46      The Council disputes the applicant’s arguments.

47      It should be borne in mind that the effectiveness of the judicial review guaranteed by Article 47 of the Charter of Fundamental Rights of the European Union (‘the Charter’) requires, inter alia, that the Courts of the European Union are to ensure that the decision, which affects the person or entity concerned individually, is taken on a sufficiently solid factual basis. That entails a verification of the factual allegations in the summary of reasons underpinning that decision, with the consequence that judicial review cannot be restricted to an assessment of the cogency in the abstract of the reasons relied on, but must concern the question of whether those reasons, or, at the very least, one of those reasons, deemed sufficient in itself to support that decision, is substantiated (judgments of 18 July 2013, Commission and Others v Kadi, C‑584/10 P, C‑593/10 P and C‑595/10 P, EU:C:2013:518, paragraph 119, and of 28 November 2013, Council v Fulmen and Mahmoudian, C‑280/12 P, EU:C:2013:775, paragraph 64).

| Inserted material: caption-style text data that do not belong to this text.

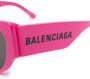 Balenciaga Eyewear Zonnebril met cat-eye montuur Roze - Thumbnail 3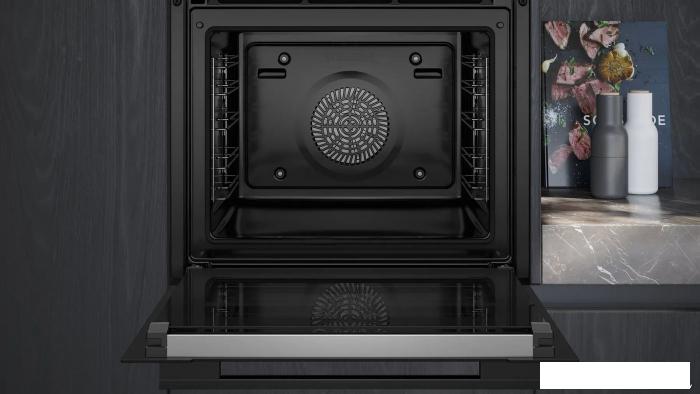 Электрический духовой шкаф Siemens iQ700 HB776G3B1- фото3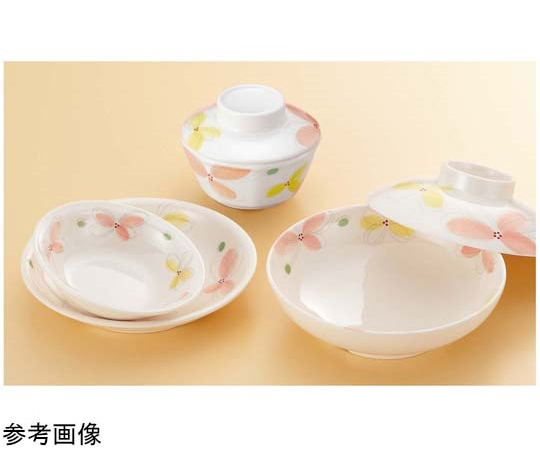 小鉢（蓋） ボレロ 10個入 複数の小鉢が前面から整然と並んでいる様子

48      To that end, it is for the Courts of the European Union, in order to carry out that examination, to request the competent European Union authority, when necessary, to produce information or evidence, confidential or not, relevant to such an examination (see judgment of 18 July 2013, Commission and Others v Kadi, C‑584/10 P, C‑593/10 P and C‑595/10 P, EU:C:2013:518, paragraph 120 and the case-law cited; judgment of 28 November 2013, Council v Fulmen and Mahmoudian, C‑280/12 P, EU:C:2013:775, paragraph 65).

49      That is because it is the task of the competent European Union authority to establish, in the event of challenge, that the reasons relied on against the person concerned are well founded, and not the task of that person to adduce evidence of the negative, that those reasons are not well founded (judgments of 18 July 2013, Commission and Others v Kadi, C‑584/10 P, C‑593/10 P and C‑595/10 P, EU:C:2013:518, paragraph 121, and of 28 November 2013, Council v Fulmen and Mahmoudian, C‑280/12 P, EU:C:2013:775, paragraph 66).

50      For that purpose, there is no requirement that that authority produce before the Courts of the European Union all the information and evidence underlying the reasons alleged in the act sought to be annulled. It is however necessary that the information or evidence produced should support the reasons relied on against the person concerned (judgments of 18 July 2013, Commission and Others v Kadi, C‑584/10 P, C‑593/10 P and C‑595/10 P, EU:C:2013:518, paragraph 122, and of 28 November 2013, Council v Fulmen and Mahmoudian, C‑280/12 P, EU:C:2013:775, paragraph 67).

51      So far as concerns the types of evidence which may be relied on, the prevailing principle of EU law is the unfettered evaluation of the evidence available (judgment of 6 September 2013, Persia International Bank v Council, T‑493/10, EU:T:2013:398, paragraph 95 (not published)). In that regard, it is important to recall that, in the absence of investigative powers in third countries, the assessment of the EU authorities must rely on publicly available sources of information, reports, articles in the press, or other similar sources of information (see, to that effect, judgment of 14 March 2018, Kim and Others v Council and Commission, T‑533/15 and T‑264/16, EU:T:2018:138, paragraph 107). It is clear from the case-law that, inter alia, in some situations, the Courts of the European Union may take into account reports from international organisations (see, to that effect, judgment of 18 June 2015, Ipatau v Council, C‑535/14 P, EU:C:2015:407, paragraph 48).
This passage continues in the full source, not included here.